Labour group leader David Scott agrees. There are reasons for saying school crossing patroller instead of lollipop lady, he accepts: it is gender neutral and avoids stereotyping.

And some council jargon is undoubtedly introduced to enable council staff to be precise and technically correct in what they say.

But when jargon takes over, local authorities run the risk of alienating people.

“It is particularly alienating for those who need most help – and what I fear is that it is exactly those people that we end up forgetting about.”

He himself, when he first became a councillor, was given reports to read that he simply couldn’t understand, he admits.

“So I would like to see more clear language.

“We have a duty to the public to use it all the time. We should be actively looking at it every year.”

So perhaps the authority should appoint someone with specific responsibility to monitor council language for jargon.

They would need a good job title, though. Anybody interested in being the council’s new Public Communications Interface and Comprehensibility Facilitator?


Prime examples of York’s council-speak:

* From a recent Local Development Framework Working Group agenda:

“Overall, the current provision of open space in the Urban East analysis area is insufficient. The typologies with a significant lack of provision are natural and semi-natural open space, amenity green space, provision for children and young people, allotments and outdoor sports facilities.”

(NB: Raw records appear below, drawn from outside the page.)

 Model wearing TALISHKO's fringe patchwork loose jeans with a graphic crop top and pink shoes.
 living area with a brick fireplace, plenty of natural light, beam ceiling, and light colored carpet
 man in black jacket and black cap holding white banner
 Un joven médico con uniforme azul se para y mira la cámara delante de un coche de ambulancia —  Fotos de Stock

* From a planning committee agenda: “It is envisaged that this development, if approved, will complement and operate in synergy with the recently-opened student accommodation adjacent.”

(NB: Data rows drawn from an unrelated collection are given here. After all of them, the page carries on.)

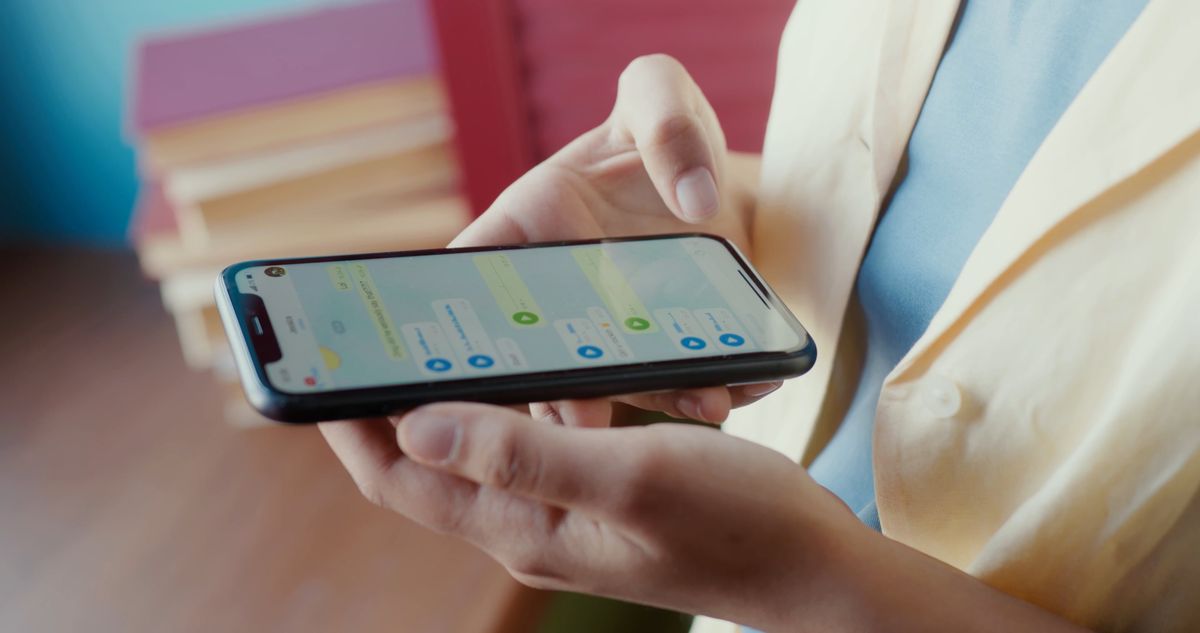 A person holding a smartphone with a customer support chat conversation open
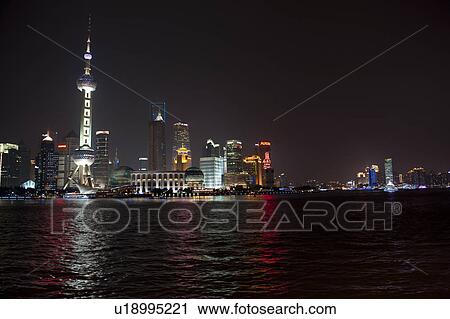 Oriental Pearl Tower and city skyline, Huangpu River, Pudong, Shanghai, China View Large Photo Image Stock Image - Oriental Pearl Tower and city skyline, Huangpu River, Pudong, Shanghai, China. Fotosearch
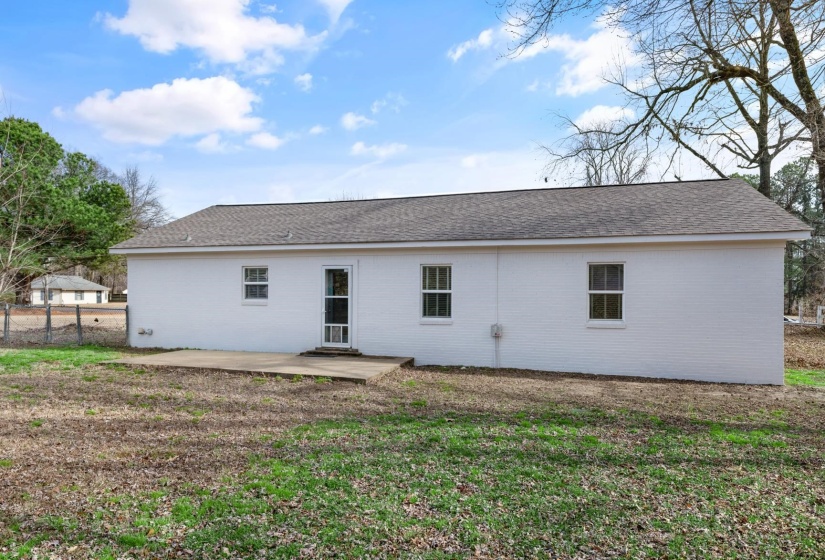 Back of property featuring a patio and a shingled roof
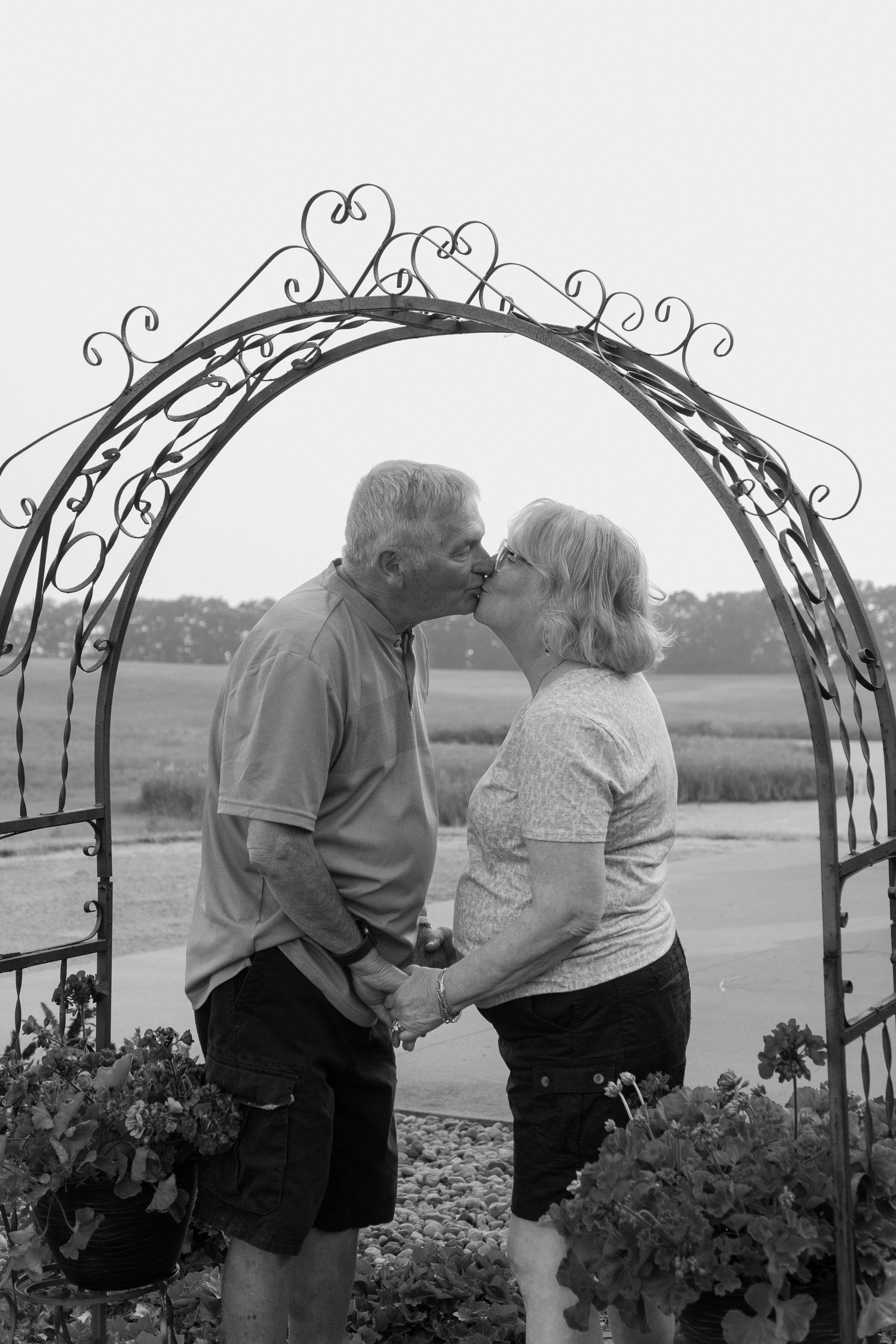 Black and white photo of an older couple kissing under a decorative iron garden arch.
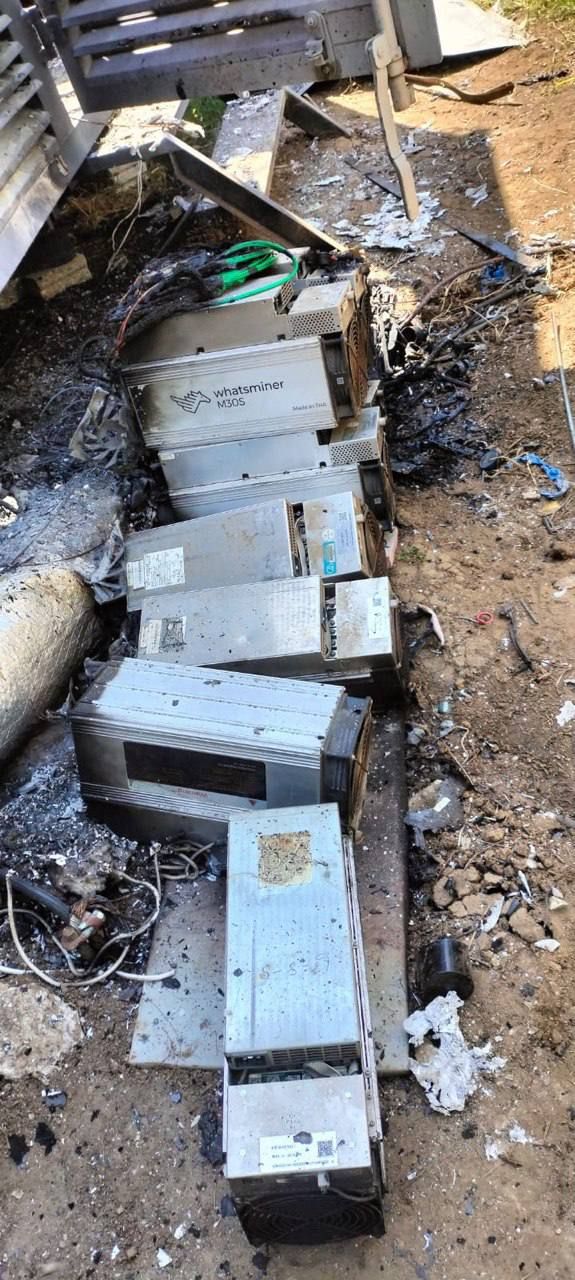 Damaged Whatsminer M30S units pulled from the fire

* From another planning report: “The application proposes to erect a building with a footprint of approximately 42m x 67m.”

* From a report by a ‘Sustainability Officer’ on a university planning application: “This is on the whole a good Sustainability Statement. In particular I welcome the university commitment to achieving BREEAM very good with a target of achieving excellent for the scheme.”

* From an education scrutiny committee report: “There is a public perception of inequality in life chances because of background and differential service provision. There is also a perception that teenage kids are not properly provided for and that there is not enough affordable things for them to do.”


Some silly job titles:

Some bonkers York Council job-titles:

* Assistant director for partnerships and early intervention. Eh?

* Director of learning, culture and children’s services – or education director, as the job used to be known.

* Democracy officer. Sounds important – but what on earth does this person do?

And finally, just to prove it’s not only councils who are guilty, last year First York boss Richard Eames said his company had “taken on 20 customer hosts.” Um, so those will be conductors, then?